**SUPPLIED DATA**
----
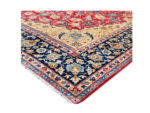 Gorgeous Pre-loved Hand-knotted Kashan Carpet 397 X 277 cm - Image 3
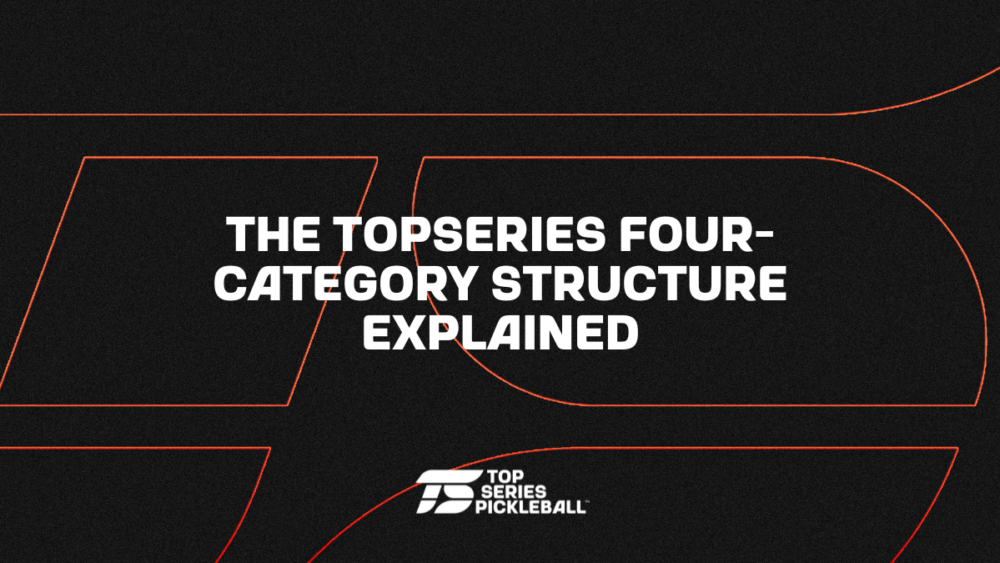 The TOPSERIES Four-Category Structure Explained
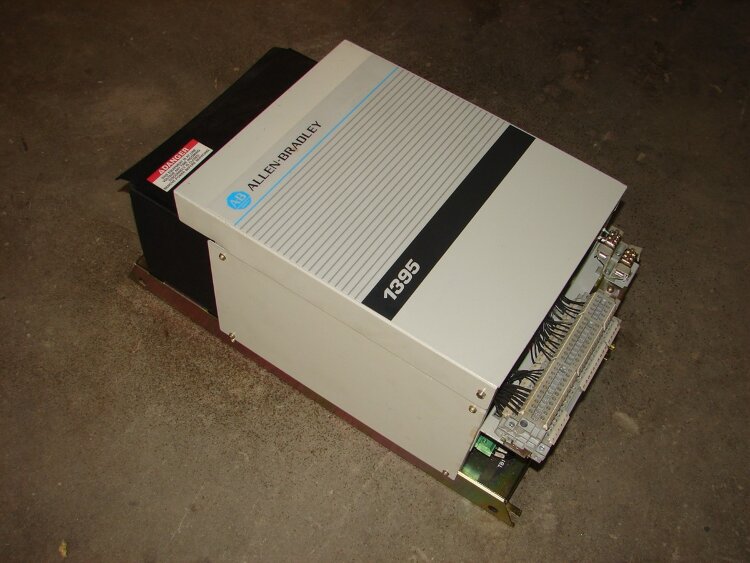 ALLEN BRADLEY 1395-A64ND1P51 3HP DC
----
Return the material as it stands. Leave out the pictures.

**ANSWER BELOW**
 Gorgeous Pre-loved Hand-knotted Kashan Carpet 397 X 277 cm - Image 3
 The TOPSERIES Four-Category Structure Explained
 ALLEN BRADLEY 1395-A64ND1P51 3HP DC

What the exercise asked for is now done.